What this task involves | Retype each record below word for word. Leave the pictures out.

* * * *

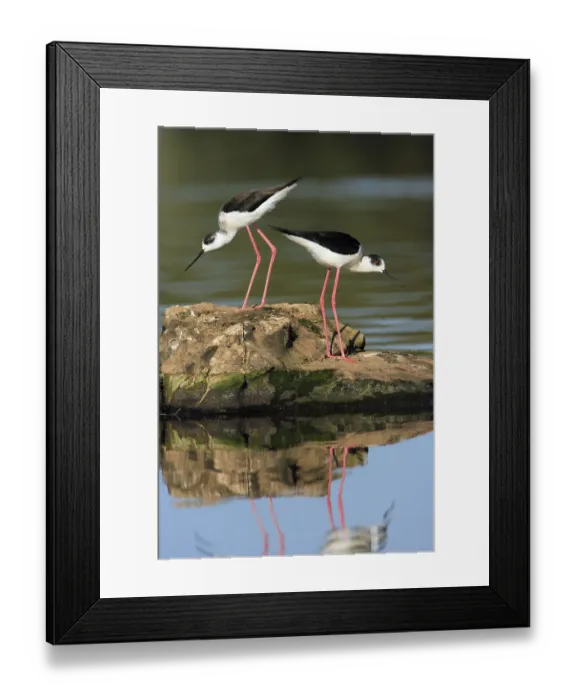 Framed Print : Black-winged Stilt (Himantopus himantopus) Framed Print : Black-winged Stilt (Himantopus himantopus)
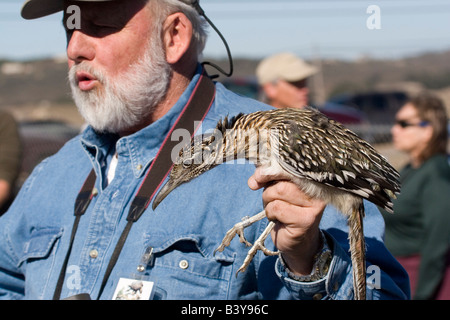 Greater Roadrunner being exhibited at educational program in San Diego County. Captured and released.Editorial use only. Stock Photo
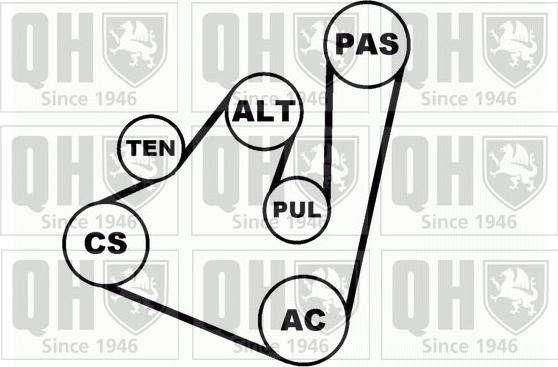 Quinton Hazell QDK42 - Ķīļrievu siksnu komplekts ps1.lv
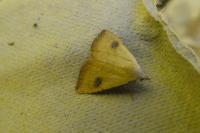 Rivula sericealis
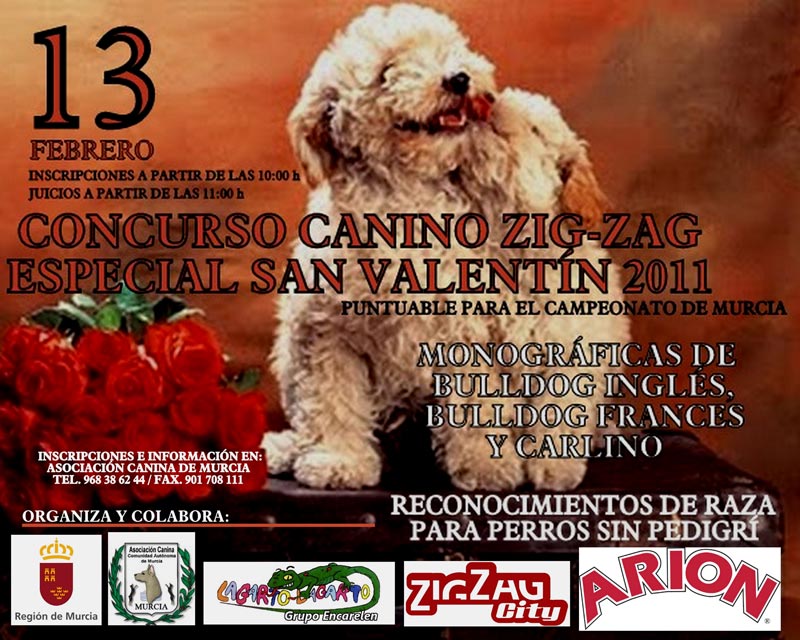 Concurso Canino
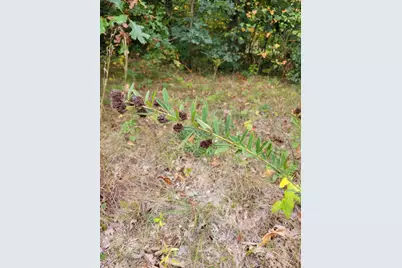 Lot 2 N 100 E, Lake Village, IN 46349 - Photo 8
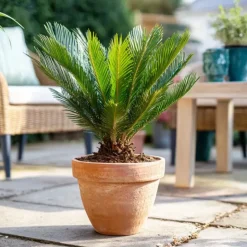 Plant in a Box Vredespalm - Set van 2 - Cycas revoluta - Hoogte 45-60cm - ⌀15cm Outlet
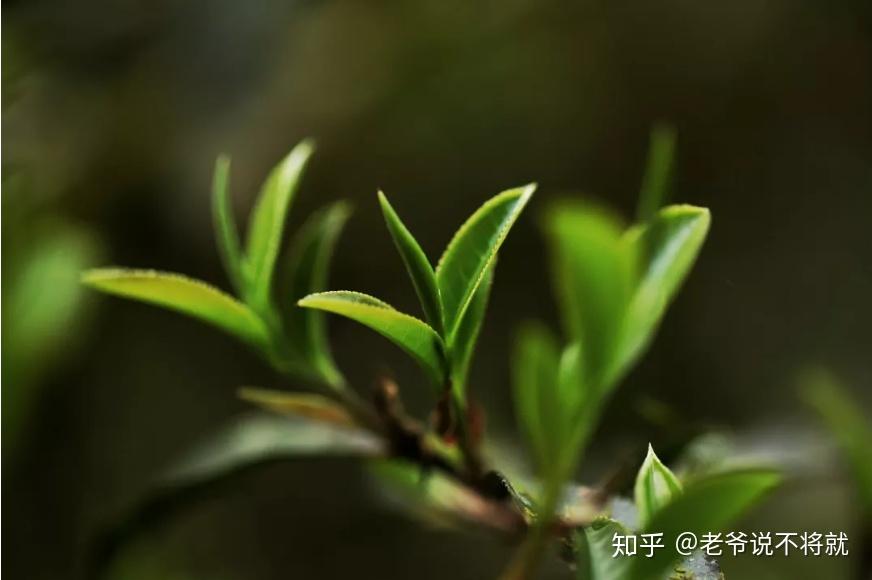 绵延到雨林深处的倚邦麻栗树|三茶六局第20局 - 知乎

* * * *

Exercise result |
 Framed Print : Black-winged Stilt (Himantopus himantopus) Framed Print : Black-winged Stilt (Himantopus himantopus)
 Greater Roadrunner being exhibited at educational program in San Diego County. Captured and released.Editorial use only. Stock Photo
 Quinton Hazell QDK42 - Ķīļrievu siksnu komplekts ps1.lv
 Rivula sericealis
 Concurso Canino
 Lot 2 N 100 E, Lake Village, IN 46349 - Photo 8
 Plant in a Box Vredespalm - Set van 2 - Cycas revoluta - Hoogte 45-60cm - ⌀15cm Outlet
 绵延到雨林深处的倚邦麻栗树|三茶六局第20局 - 知乎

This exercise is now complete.